In der Studie wurden drei Sorten Cannabis unterschieden: Haschisch, importiertes Marihuana und Cannabis, das aus Indooranlagen stammt und als Sinsemilla bekannt ist. Dem Bericht zufolge ist das Indoor-Kraut die häufigste Variante in Großbritannien. 55 Prozent der Proben aus beschlagnahmten Beständen komme aus inländischen Zuchtanlagen. Hierfür haben die Autoren einen mittleren THC-Gehalt von 13,9 Prozent ermittelt. Im Vergleich zu den Analysen aus den Jahren 1996/98 haben die Forscher eine Zunahme des THC-Anteils von etwa 4,9 Prozent ausgerechnet.

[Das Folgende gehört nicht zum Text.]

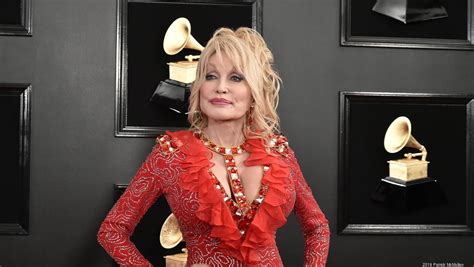 Still Working 9 To 5 Dolly Parton Expands Her Business Empire The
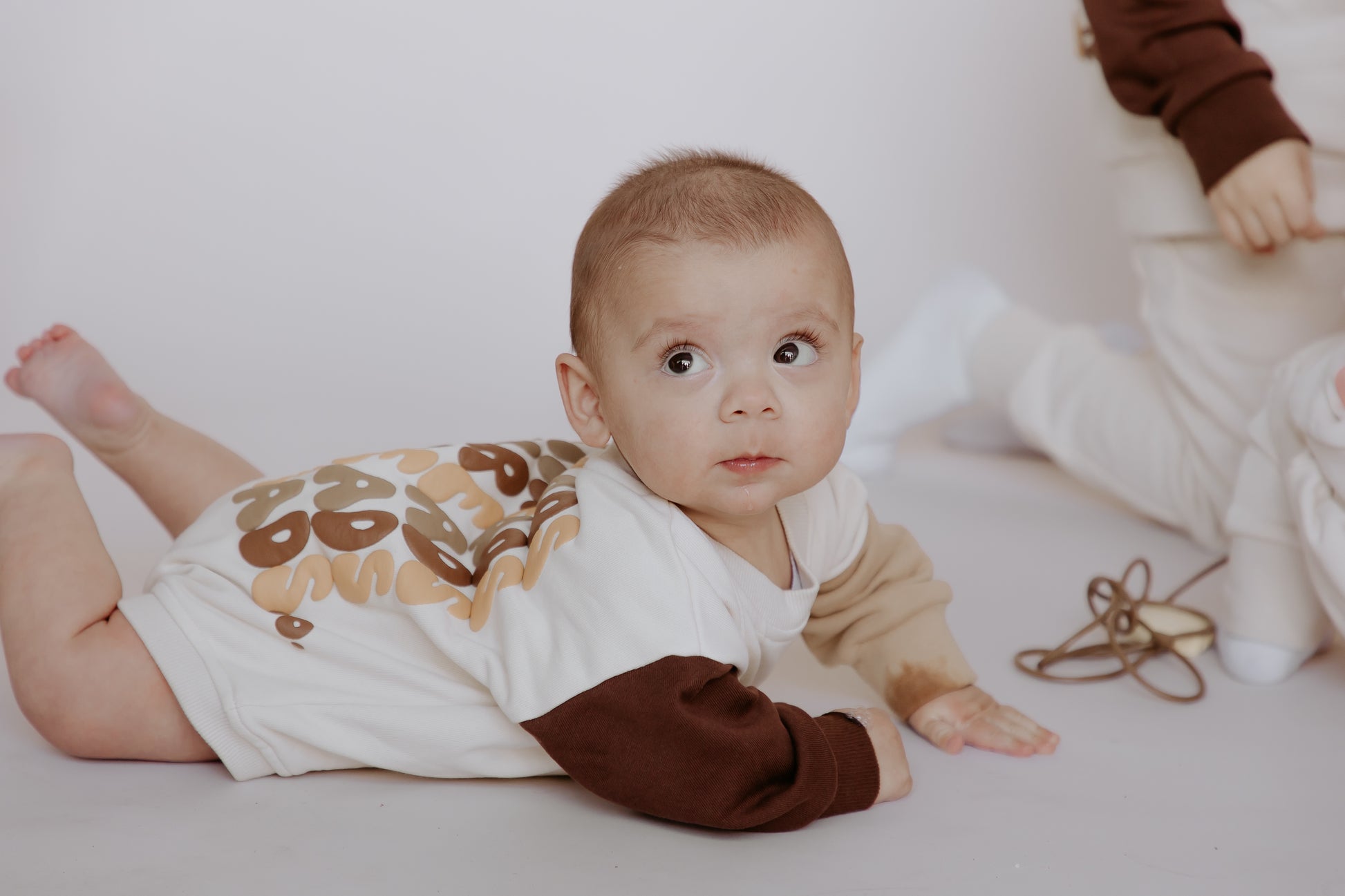 Tiny Threads Co. oversized long sleeve romper in brown worn by B, aged 5.5 months corrected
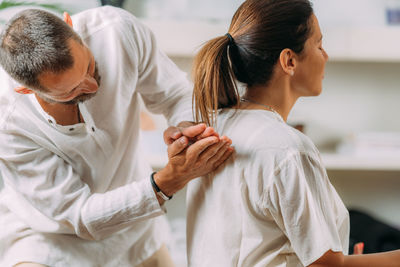 Woman enjoying shiatsu back massage, sitting on the shiatsu massage mat.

Hingegen konnten die Forscher keine Zunahme oder sogar eine leichte Abnahme des THC-Gehalts bei Haschisch und importiertem Marihuana feststellen. Diese Cannabisprodukte haben zudem einen höheren Anteil an CBD. Die Autoren verweisen auf die längeren Transportwege beim importierten Cannabis. Dabei würde ein Teil des THC sich in CBD umwandeln.

Die untersuchten Cannabis-Proben aus der Indoor-Produktion enthalten demgegenüber wenig bis gar kein CBD. Die Autoren kommen zu dem Schluss, dass nicht nur die psychoaktive Wirkung aufgrund des erhöhten THC-Anteils verstärkt werde, sondern der mildernde Effekt des üblicherweise enthaltenen Cannabinols fehle und somit auch das Risiko für gesundheitliche Folgen sich erhöhe. Potter und Kollegen verweisen auf Studien, die auf ein erhöhtes Psychose-Risiko bei Cannabiskonsum hinweisen: Je intensiver der Cannabiskonsum, desto höher das Risiko für den Ausbruch einer Psychose. Das hochpotente Sinsemilla-Cannabis erhöhe das Psychoserisiko vor allem bei hierfür veranlagten Personen.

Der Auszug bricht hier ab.